The World

Azerbaijan Accidentally Releases Election Results Before Vote … Then President Does Even Better

A man walks past campaign posters of presidential contenders in Baku, the capital of Azerbaijan, on Oct. 7, 2013, ahead of the presidential elections.

Photo by Tofik Babayev/AFP/Getty Images

As the Washington Post’s Max Fisher explained yesterday, Azerbaijan has come in for quite a bit of international mockery since a smartphone app released by the country’s Central Election Commission showed longtime president Ilham Aliyev winning with 72.76 percent of the vote… a day before the election.

The app’s developer didn’t really help his cause by claiming that they had accidentally sent out the results from the 2008 election, given that the app featured this year’s candidate names and completely different numbers. All the same, the story, which was first reported by opposition media in Azerbaijan, seems a bit too good to be true.

There were undoubtedly serious flaws with the vote. OSCE observers reported “clear indications of ballot box stuffing in 37 polling stations” and problems with counting at 58 percent of them. But I think incompetence on the part of the app developer seems more likely than the way many readers seem to be interpreting this story—that the government had planned the exact results in advance and accidentally released them early.

In any event Aliyev actually did better in the final results, scoring 84.6 of the vote. The runner-up, opposition candidate Jamil Hasanli, who had 7.4 percent of the vote on the app, wound up with only 5.5 percent in the official returns.

Azerbaijan generally falls into the category of governments that try to at least make their elections look like they could be credible, as opposed to the Kim Jong Ils and Saparmurat Niyazovs of the world who just run unopposed and give themselves over 99 percent. But often, making an unfair election look like it could have been fair can be even harder than just making up numbers.

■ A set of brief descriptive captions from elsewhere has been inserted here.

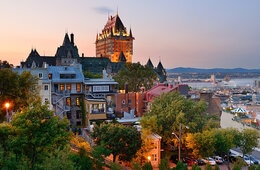 Buildings and trees on a hill overlook city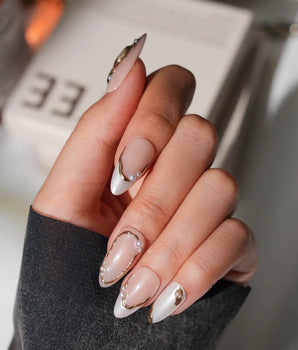 Baroque pearl press on nails with molten gold and real pearls on a nude base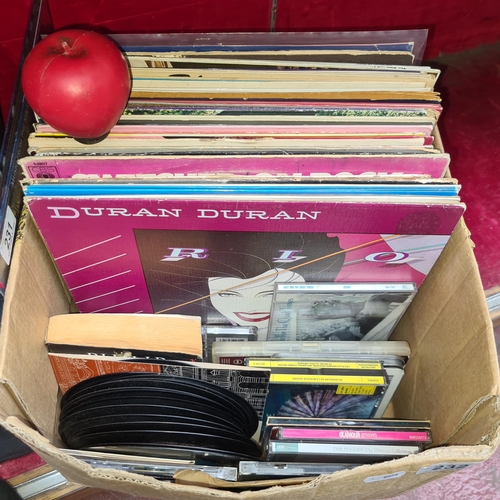 232 - A large collection of vinyl records and CD's from artists such as Duran Duran, Leonard Cohen etc.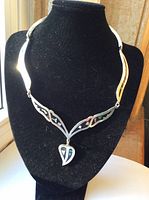 Front view of necklace on black stand showing inlaid onyx and mother of pearl designs and heart-shaped pendant.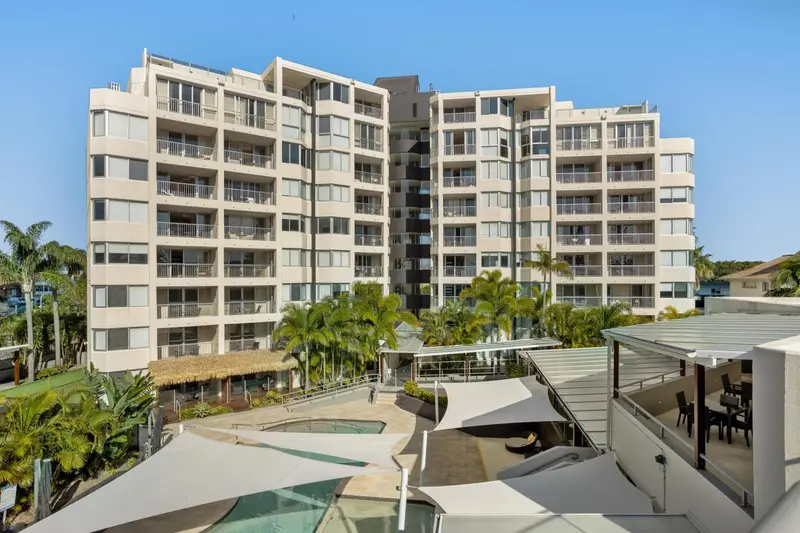 Bâtiment beige à plusieurs étages avec des balcons et une piscine en contrebas.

Vladimir Putin and his United Russia party typically win Russian elections with high but plausible percentages in the 60s. But in Chechnya, a place where Putin waged a brutal war against insurgents in the late 90s and early 2000s, local Kremlin-backed strongman Ramzan Kadyrov likes to serve up win totals like 99.48 percent. In 2011, one Chechen polling station reported a turnout of 107 percent.

Sometimes the problem comes not from overenthusiastic local authorities but from the man at the top being a bit too forthcoming. Belorussian dictator Alexander Lukashenko claims to have rigged the 2006 election by lowering his total from 93 percent to 83 percent because “when you get over 90, this is not accepted psychologically.”

Whether or not the app was actually releasing early results, it was at least symbolic of just how pre-ordained this election looked to most Azeris. Perhaps the Azeri government’s pre-cogs can give some pointers to the Turkish police, who are now apparently authorized to arrest protesters before they start protesting.